## Exercise requirements
Write out the full listing exactly as given, minus the images.

## Data provided
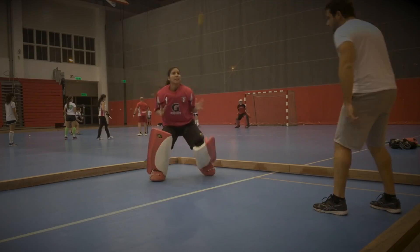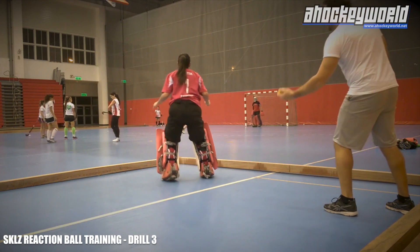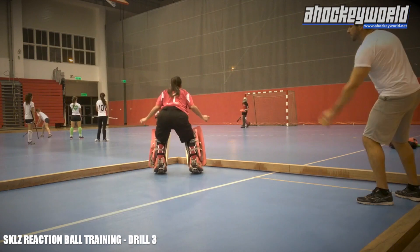This is the third exercise I am showing using the skills reaction balls, which are balls that when hit the ground, they react unpredictably.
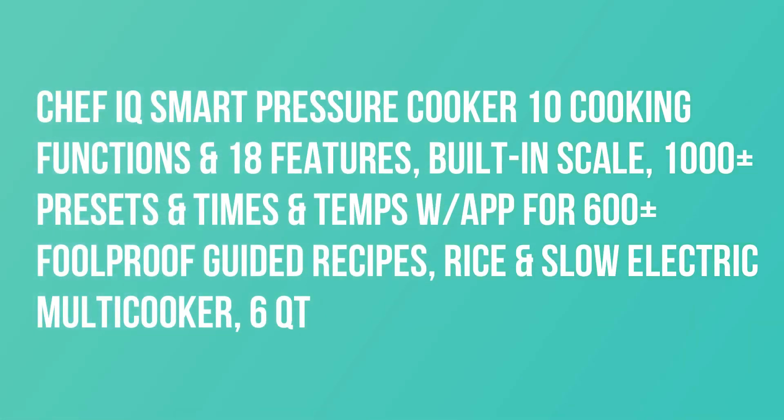Chef IQ Smart Pressure Cooker — 10 Cooking Functions and 18 Features, Built-in Scale, 1000 Plus Presets and Times and Temps with App for 600 Plus Foolproof Guided Recipes.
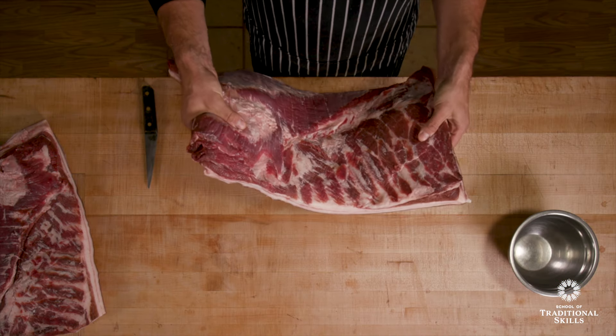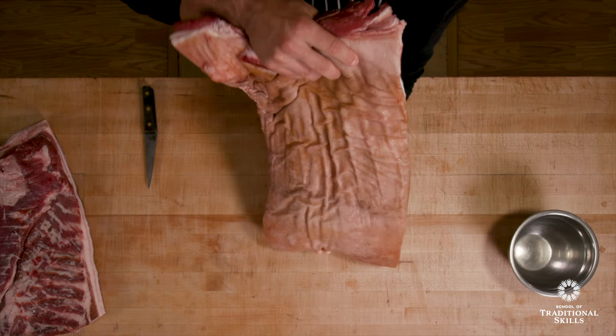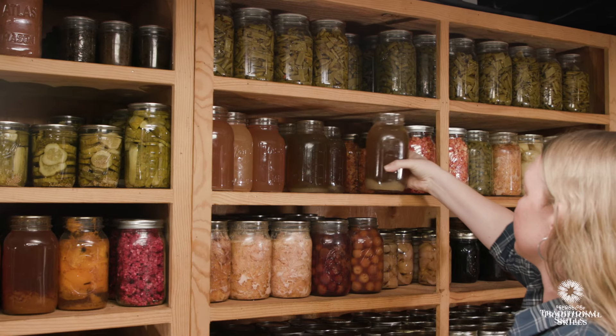Let's start with chicken broth. The first thing you will need when making your bacon is a fresh pork belly. Now you have everything you need to get started. Look at what we've accomplished.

## Expected answer
This is the third exercise I am showing using the skills reaction balls, which are balls that when hit the ground, they react unpredictably.
Chef IQ Smart Pressure Cooker — 10 Cooking Functions and 18 Features, Built-in Scale, 1000 Plus Presets and Times and Temps with App for 600 Plus Foolproof Guided Recipes.
Let's start with chicken broth. The first thing you will need when making your bacon is a fresh pork belly. Now you have everything you need to get started. Look at what we've accomplished.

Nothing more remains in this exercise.